One Pharma Fix: Limit the ‘Orphan Drug’ Incentives

By Marty Makary

The cost of drug prescriptions has become an issue in the presidential-primary season, most notably with Hillary Clinton and Bernie Sanders competing to see who can do the most to protect the wallets of potential voters. Mrs. Clinton this fall proposed capping out-of-pocket drug expenses at $250 a month, while Mr. Sanders vowed to make the federal government drop its unwillingness to negotiate prices with pharmaceutical companies.


But the candidates’ proposals should start by addressing the misuse of the Orphan Drug Act, a well-intentioned law passed 33 years ago but now used in ways unanticipated by Congress. Extended monopolies on drugs for orphan diseases—as those affecting fewer than 200,000 people in the U.S. are known—allow pharmaceutical companies to charge higher prices, which are passed along to consumers. Specialty medications represent only 1% of all prescriptions, but last year they accounted for more than 31% of all spending on drugs, according to the White House.
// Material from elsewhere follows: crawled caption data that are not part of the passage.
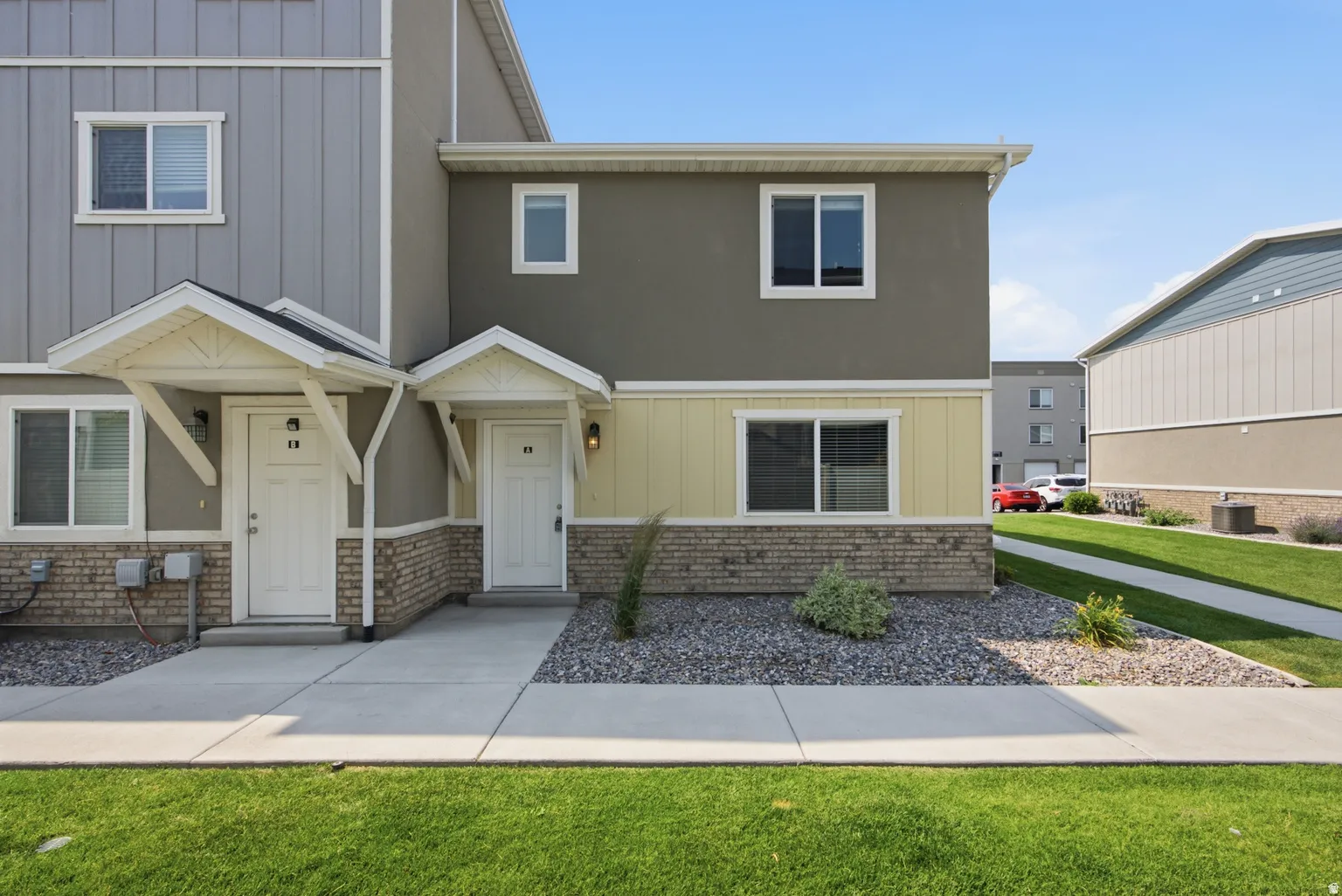 Multi-tone exterior featuring a combination of siding, stucco, and brick accents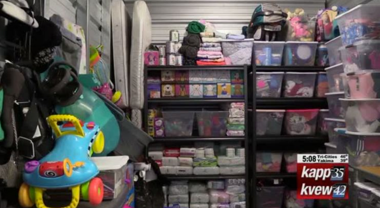 Shelves full of plastic bins and items for kids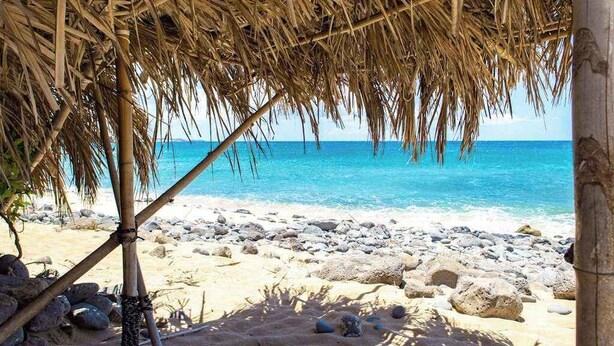 Ein Strand mit einer strohgedeckten Struktur, klarem blauen Wasser und einer felsigen Küste.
The need for reform was crystallized in September when Turing Pharmaceuticals, in a widely condemned move, boosted the price of Daraprim by 5,000%, to $750 a pill from $13.50, soon after acquiring rights to the specialty drug that treats the parasitic infection toxoplasmosis.
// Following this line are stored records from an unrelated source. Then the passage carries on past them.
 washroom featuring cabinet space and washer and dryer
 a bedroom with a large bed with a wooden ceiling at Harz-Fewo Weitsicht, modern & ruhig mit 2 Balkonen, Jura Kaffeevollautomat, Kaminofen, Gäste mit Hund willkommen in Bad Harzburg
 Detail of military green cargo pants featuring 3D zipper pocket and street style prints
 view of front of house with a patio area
Orphan diseases captured the public’s attention in the early 1980s. The popular TV drama “Quincy, M.E.” depicted a coroner in Los Angeles solving mysterious deaths, including from orphan diseases such as myoclonus, a neurological disorder that causes involuntary muscle jerking. In 1981 the actor who played Dr. Quincy, Jack Klugman, testified before Congress, accompanied by a young man with Tourette Syndrome.
The next year Congress passed the Orphan Drug Act to add powerful financial incentives for the development of medicines to treat rare diseases. Drug companies were offered direct federal grants of up to $2 million over four years, tax credits equaling 50% of qualifying clinical-trial costs, and an unprecedented seven years of market exclusivity. This worked wonders. The law fueled the development of Rufinamide for myoclonus, Imatinib for rare cancers like stromal tumors, and many other new drugs.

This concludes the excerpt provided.